A happy new month to you. Go out there and crush the second half of 2021

Today we share an article from Tayo Oviosu, the founder and Group CEO of Paga, a mobile payment company, building an ecosystem to enable people, digitally send and receive money as well as creating simple financial access for everyone. Tayo in his own words is living to change the face of Africa — one venture at a time. He has a passion to help entrepreneurs bring ideas to life and build scalable businesses. This passion is what led to co-founding Kairos Angels, a company on a mission to transform the world by partnering with visionary entrepreneurs to build scalable and sustainable businesses.

Here are 5 nuggets for you from his experience with Paga.

Not counting the time I went door to door selling smoke detectors for a few months before college, Paga, was my first true entrepreneurial venture. Reflecting on the Paga journey has been quite insightful for me, and I have pulled out a few nuggets I can share from my own experience and battle scars.

1. Work with a team — from the start (if possible) and always

The entrepreneurship journey can be very lonely. I suggest you go on the journey with other people (This is why Talemia created Startup Kleek. Click HERE to join their early-stage builders). If you are fortunate to have a co-founder at the start that is great, but even if not, always approach the journey as a team effort. This means that you need to be open to have your vision evolve to the collective vision. As long as it is directionally correct you should be comfortable with it. You’ll go much further and faster with a team. After Aisha and then Jay joined me on the Paga journey we achieved so much more in a shorter time span.
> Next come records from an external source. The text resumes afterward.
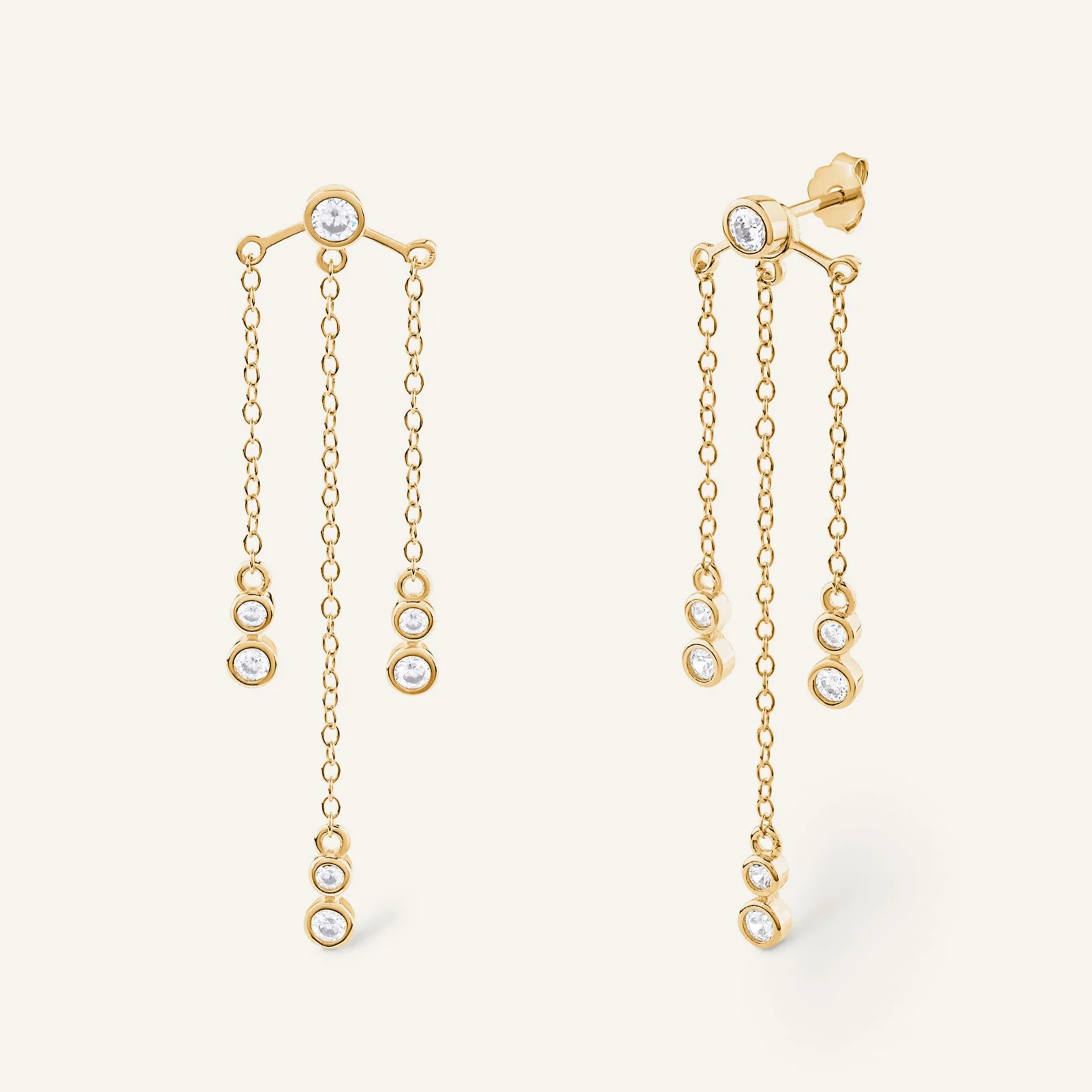 BOUCLE D'OREILLE MALDIVES - Image 7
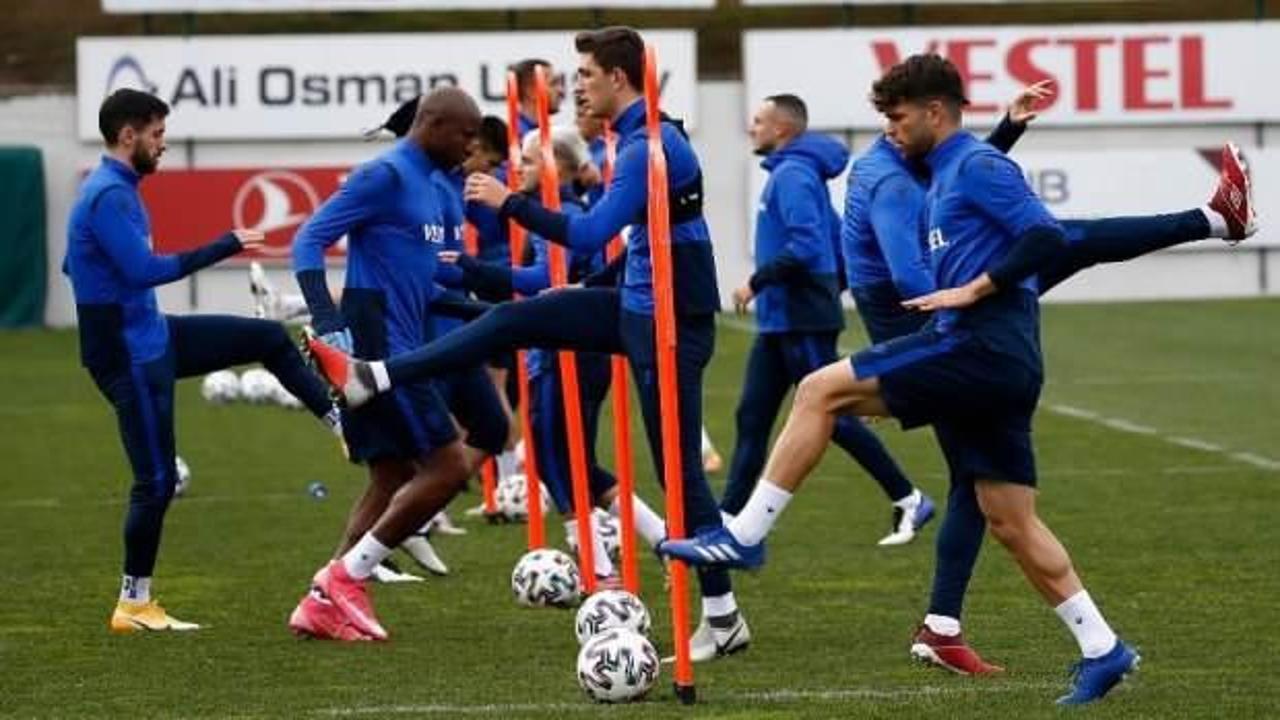 Trabzonspor'da 3 eksik var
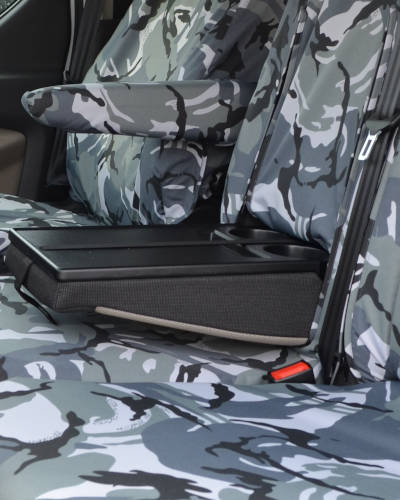 Maxus Delivery 9 Camouflage Seat Covers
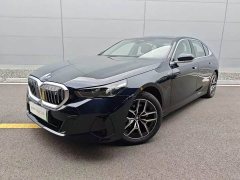 BMW i5 2024 eDrive 35L M Sports Package - фото 1
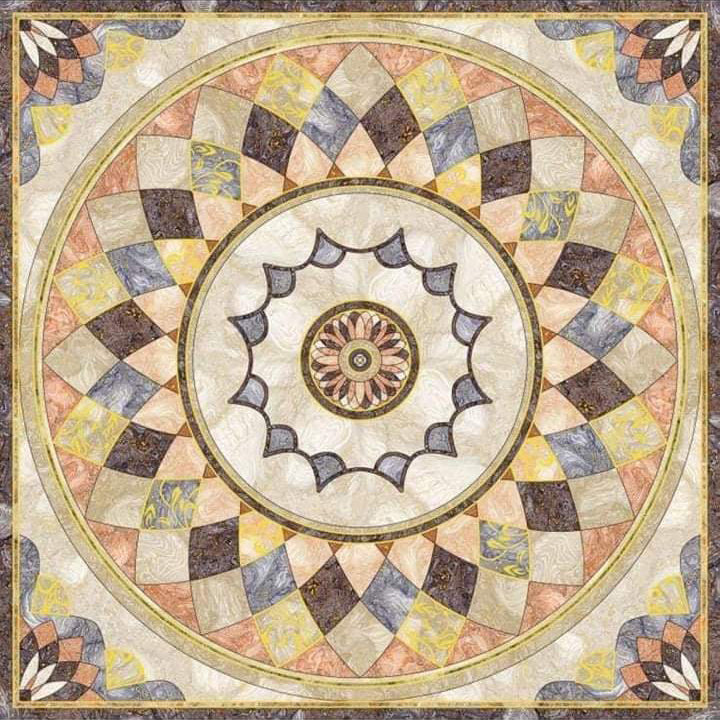 60x60 cm Decorative Tiles KB4PG3644A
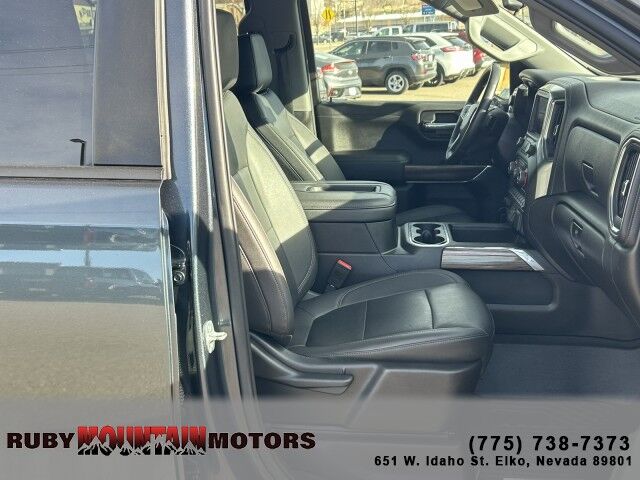 2021 Chevrolet Silverado 1500 LT Trail Boss Elko NV 2021 Chevrolet Silverado 1500 LT Trail Boss Elko NV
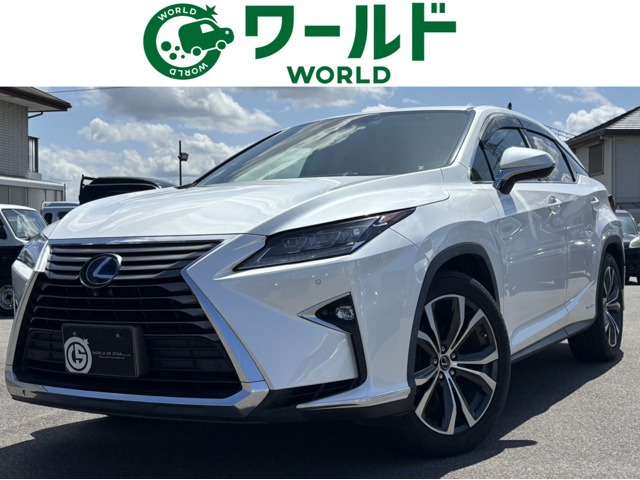 RX 450h バージョンL 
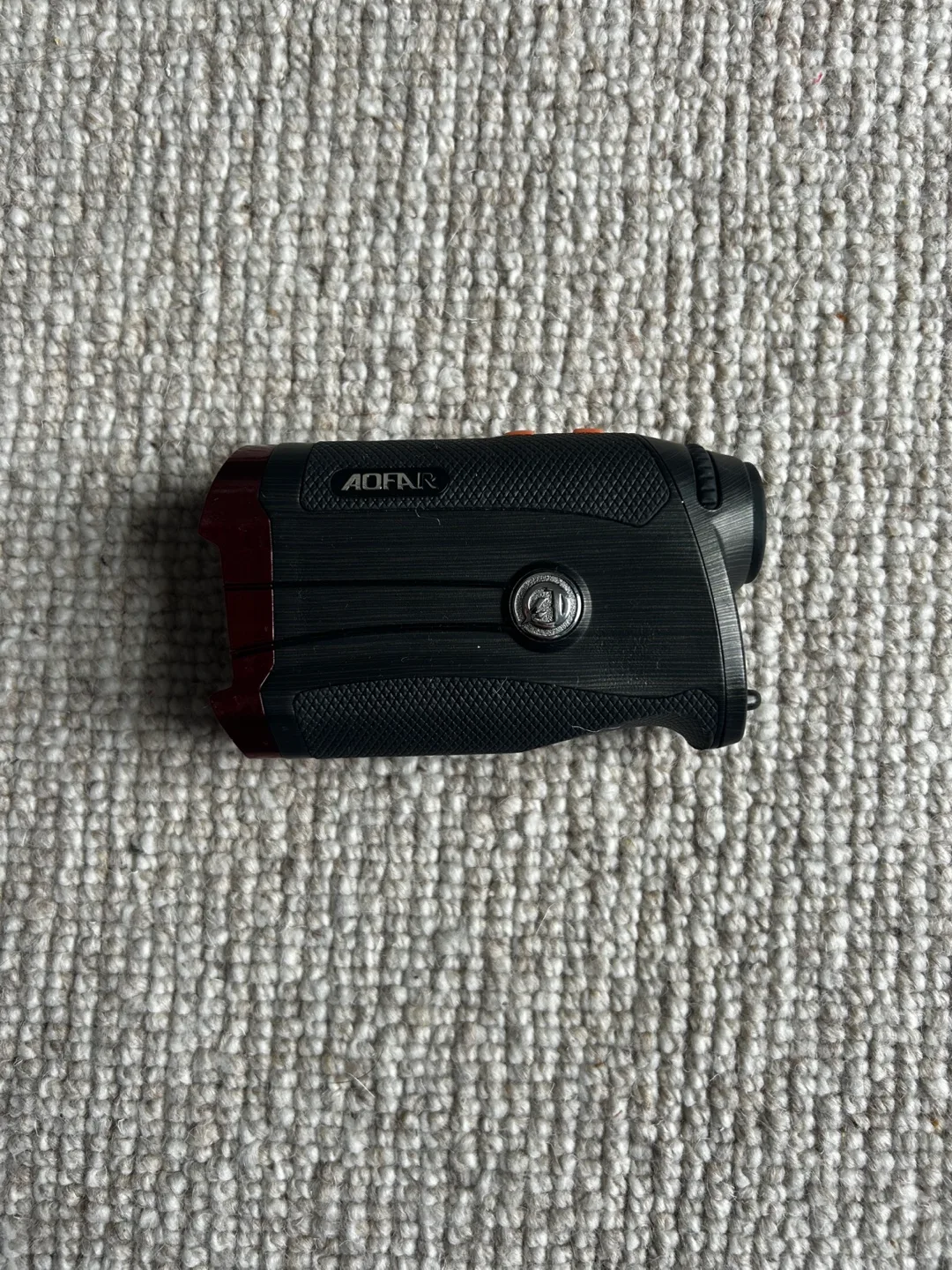 AOFAR Golf Rangefinder with Case image indicator(4)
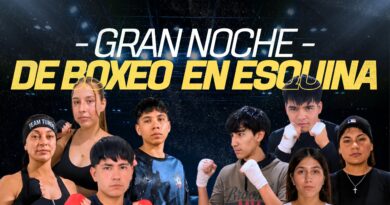 ¡Vive una Noche de Puro Box en Esquina!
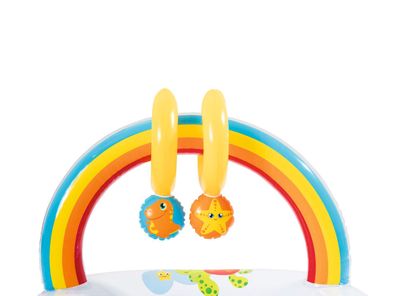 Imagen 2 del producto Centro de Actividades Cambiador de Pañales para Bebé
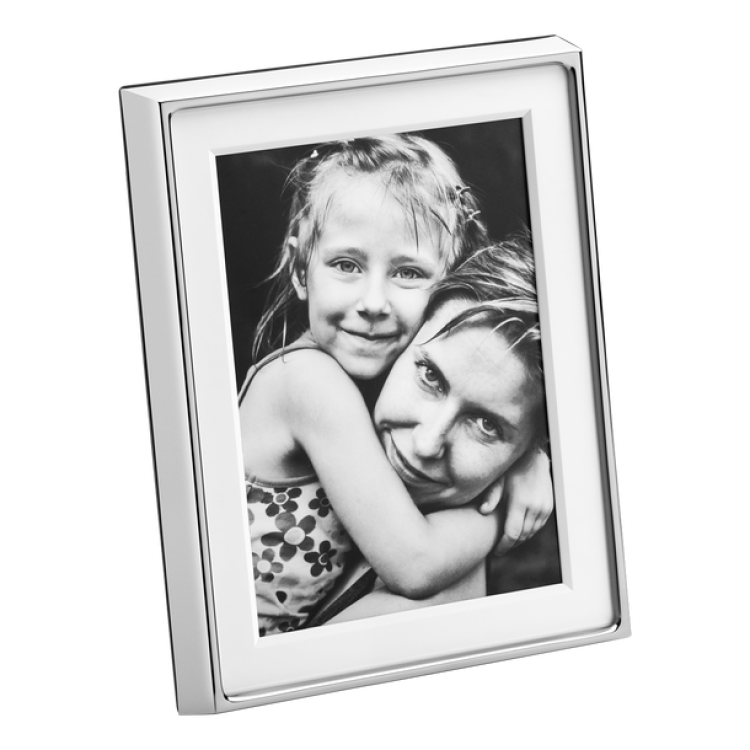 Georg Jensen Large Deco Picture Frame - TITLE Silver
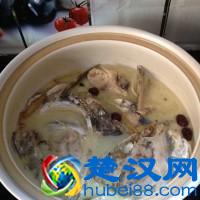 家常菜--鱼头汤的做法步骤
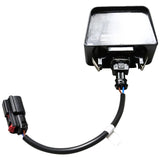 Luz de matrícula plana original para Ford Transit 1815613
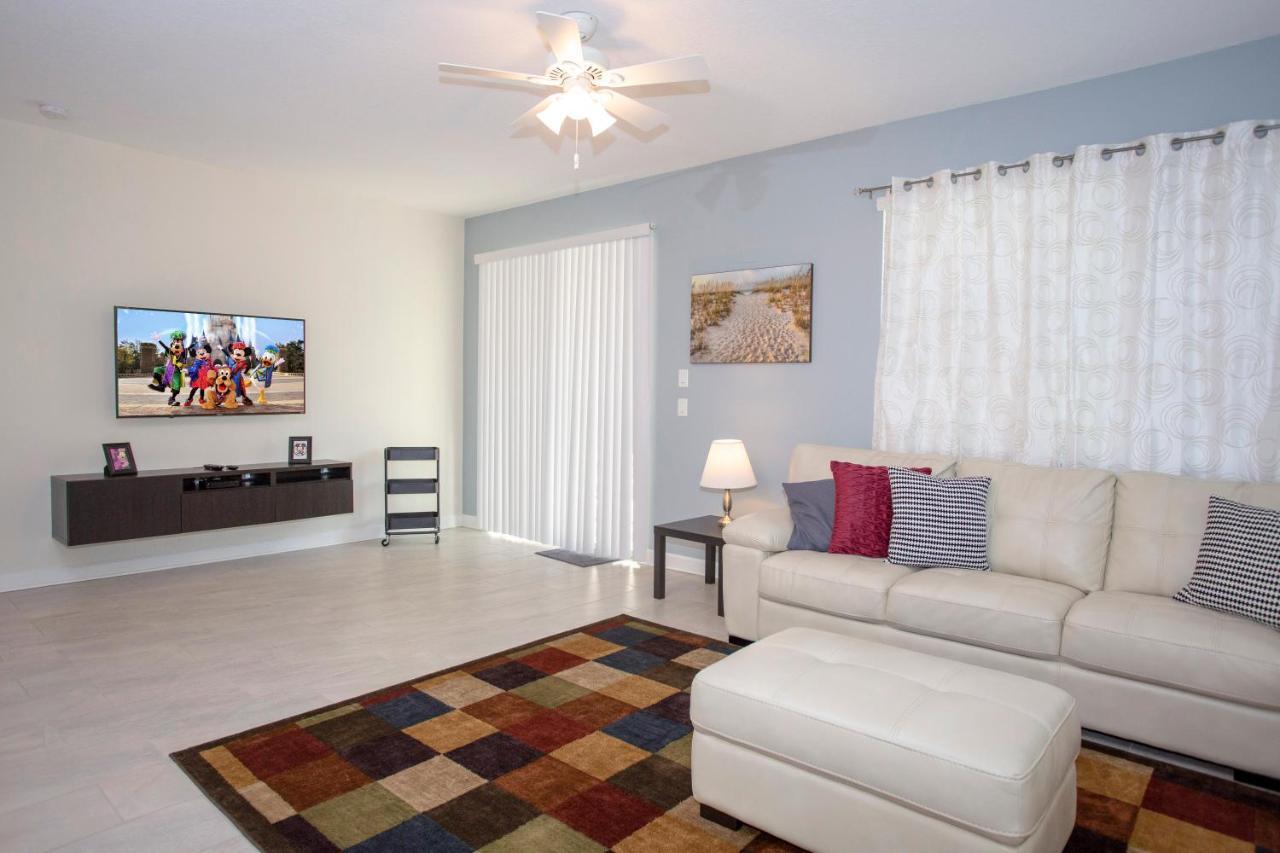 Stunning 5 Bd Home W/ Pool Close To Disney 4822 Киссимми Экстерьер фото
I have learned the importance of thinking of the business as one would think of say a football team. You want the best person for each role on the team. People who are already GREAT at that function and love what they do. Over time your role as the entrepreneur or CEO changes to coaching and guiding the team — let them run. My favorite African proverb is worth mentioning:

If you want to go fast, go alone; If you want to go far, go together.

To go far with others they need room to do great and meaningful work.

2. Be transparent in all your dealings and build accountability

Working as a team both internally and with investors is all about forging and maintaining relationships. For long-term success, these relationships should not be transactional. You want people who buy into the vision and own it as theirs. With transparency you will build trust and people will be committed to the work at hand.

I highly recommend building accountability within your team (including the founder/co-founders) and also with your board/investors. If your business is too young for a board then try to have an advisory board. Advisors or board should be people who care about your success but who are not in the day to day of business. This gives them a degree of outside perspective that is helpful for the team and helps keep you accountable. I think accountability keeps you focused and responsible in your decision-making.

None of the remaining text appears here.